WASHINGTON (AP) — He called her a warmonger. She called him a terrorist-supporting loser. And on it went as Kentucky Sen. Rand Paul and Wyoming Rep. Liz Cheney engaged in the latest Republican contest to influence — or just figure out — the president’s foreign policy.
At issue are matters of war and America’s role in Afghanistan and the world. Paul has long tried to persuade Trump to trust his “America First” instincts and downscale military action in places like Afghanistan and Syria.
Others have counseled a more traditional GOP approach. And with Trump ousting hard-line national security adviser John Bolton this week — which Paul celebrated — more hawkish lawmakers worry about what’s next, especially in Iran, where Trump seems eager to deal.
But the weighty questions gave way to Twitter ugliness after Trump canceled a secret meeting with Taliban leaders at Camp David, scheduled for just days before the anniversary of 9/11.
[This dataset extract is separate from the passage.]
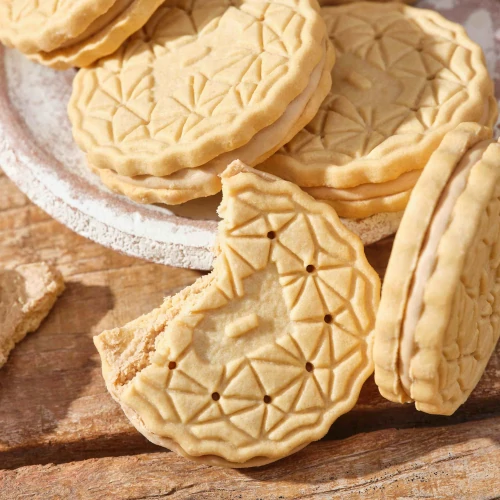 Double Creamy Protein Cookies (2 packs of 4) - Hazelnut & White Chocolate Cream (5)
“Camp David is where America’s leaders met to plan our response after al Qaeda, supported by the Taliban, killed 3000 Americans on 9/11,” Cheney tweeted Sept. 8, in line with Bolton. “No member of the Taliban should set foot there. Ever.”
Then Trump fired Bolton, and Paul tweeted Sept. 10: “The threat of war around the world has been greatly diminished, with John Bolton out of the White House.” The next day, he added: “Why do some neocons continue to advocate for endless wars? I stand with @realdonaldtrump on ending wars.”
Cheney shot back: “I stand with @realDonaldTrump and our men and women in uniform who will never surrender to terrorists, unlike @RandPaul, who seems to have forgotten that today is 9/11.”
While Cheney and Paul have both opposed Trump at times, their fight is tinged by political legacies. Paul, a libertarian, is the son of former Texas Rep. Ron Paul. Cheney, No. 3 in the House Republican leadership and weighing a run for a Senate seat in 2020, echoed the interventionist approach of her father, Dick Cheney, George W. Bush’s vice president on 9/11.
All of that — and Republican division over whether the U.S. should continue to wage its longest war ever — came into play as Paul and Liz Cheney, the faces of GOP isolation and intervention, respectively, dished out a rapid-fire series of hold-my-drink burns.
“Hi @Liz_Cheney,” Paul wrote Thursday, “President @realDonaldTrump hears all your NeverTrump warmongering. We all see your pro-Bolton blather. I’m just grateful for a president who, unlike you, supports stopping these endless wars.”
Cheney then raised Paul’s bit for the GOP presidential nomination: “Hi @RandPaul. I know the 2016 race was painful for you since you were such a big loser (then & now) with a dismal 4.5% in Iowa. No surprise since your motto seems to be ‘Terrorists First, America Second.’”
Paul in turn brought up Cheney’s father: “Hey @Liz_Cheney I feel like you might just be mad still about when Candidate Trump shredded your Dad’s failed foreign policy and endless wars.”
“Weird,” Cheney replied, “I don’t see you on stage here, @RandPaul. Oh, right. My bad — you had already lost.”